As the veil fell away, I started to see my own role in this - my own half of the equation. I had guarded myself so tightly from the sting of his rejection, that I didn’t realize I had guarded against his love. I needed to be seen and loved. Finally, at that moment, I was.
For so many years, it had been “easy” to pretend that depth wasn’t there. But death is like an earthquake, it started shaking loose everything that wasn’t settled. The grief had softened me and soon, I realized it wasn’t just my Grandpa I was grieving. After 24 years, I found I wasn’t done grieving my Dad.
River
Months later, I sat listening to cheesy music at a wedding. I watched as the father-daughter dance started and it clicks that I’ll never have that. My heart twisted realizing how much I wish I could dance with my dad at my wedding one day. A flash of shame, thinking that I was over this whole dead dad thing. Then back into the waves of longing to feel small and held at a time when things are so big and so much is changing. I’m two, giggling on your shoulders, as you belt out Roxanne. I felt so safe.
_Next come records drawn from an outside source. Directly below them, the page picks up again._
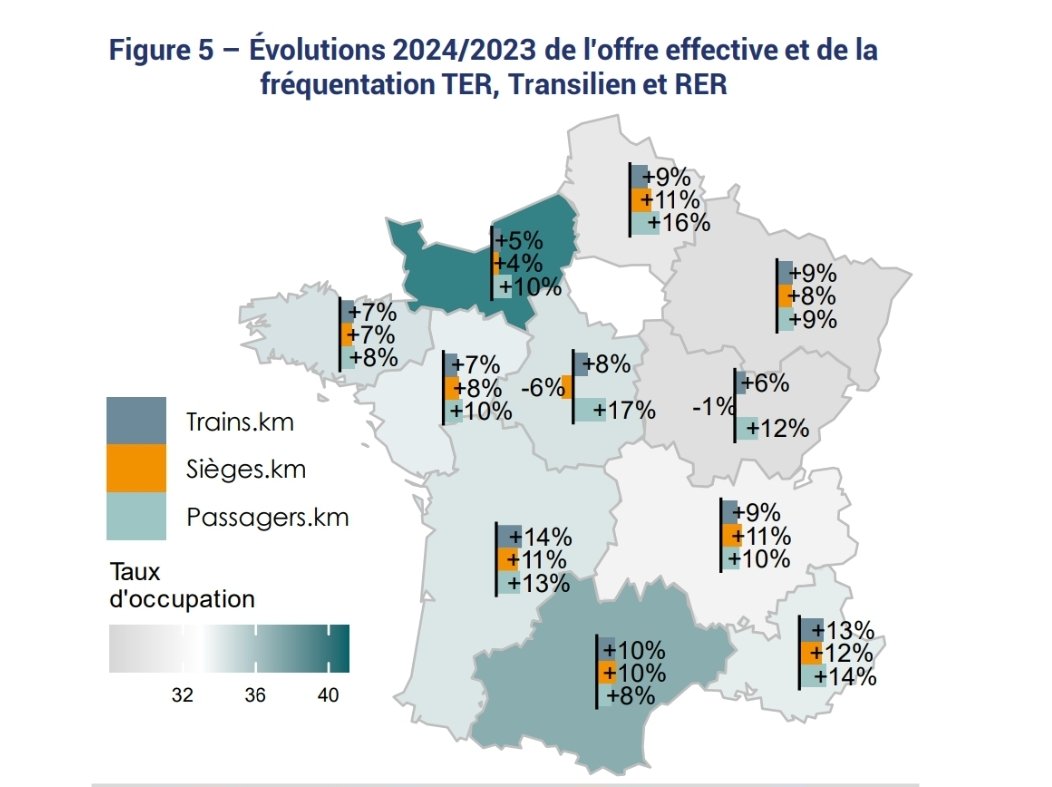 Fabien Villedieu (@villedieufabien) on Twitter photo Croissance du trafic voyageurs TER en 2024
📍Centre Val de Loire+17%
📍Haut de France +16%
📍Paca +14%
📍Nouvelle Aquitaine +13%
10% en moyenne sur l ensemble des TER SNCF 
Quel est l activité économique qui a des taux de croissance à 2 chiffres en France... Croissance du trafic voyageurs TER en 2024
📍Centre Val de Loire+17%
📍Haut de France +16%
📍Paca +14%
📍Nouvelle Aquitaine +13%
10% en moyenne sur l ensemble des TER SNCF 
Quel est l activité économique qui a des taux de croissance à 2 chiffres en France...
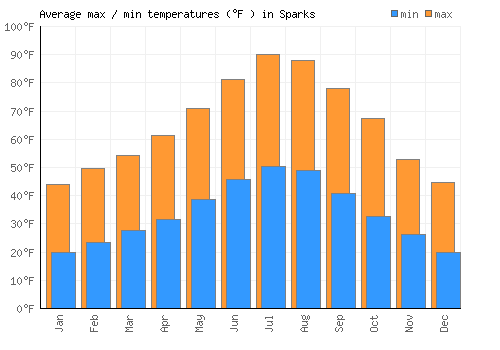 Sparks average minimum / maximum temperatures (Fahrenheit)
As I feel the waves of grief, down my chest - the deep river bed where your love flowed runs bare. I travel down them and trace the imprint you left on me. I feel every little bit of me that you touched and shaped. It’s a lot. I see all the places and spaces I left for you. All the hopes and expectations I had of the future. I'm struck by the absence of you.
I’m left feeling sober at how much impact you had on me in six years. So often the urge is to not let anything affect me, to be indifferent, tough and strong. But here, at this moment, I find myself feeling the opposite. I find such gratitude for the imprint you left on me, woven into the fabric of my being. And with a bittersweet warmth, I see I’m holding myself the way I wish you were.
With each wave I’m given the chance to give myself what I needed all those years ago. Grief doesn’t seem to end - it comes in waves. I just try to ride the waves as they come. I worry less about being done and look for the pointers all around me.
Waves
I look at my relationships a little bit differently now. I find myself wanting to look in the mirror before someone dies. My eyes are more open to the places I’m avoiding. I call it blind spotting. It tends to point to where I need to go.
With each new wave, I’m pointed toward parts of myself I hadn’t fully seen. Then as I zoom out, I start to see they are a map to the things that matter most to me. The things that I need. And with that map, I can chart a whole new course. One where I don’t have to wait until someone dies to see.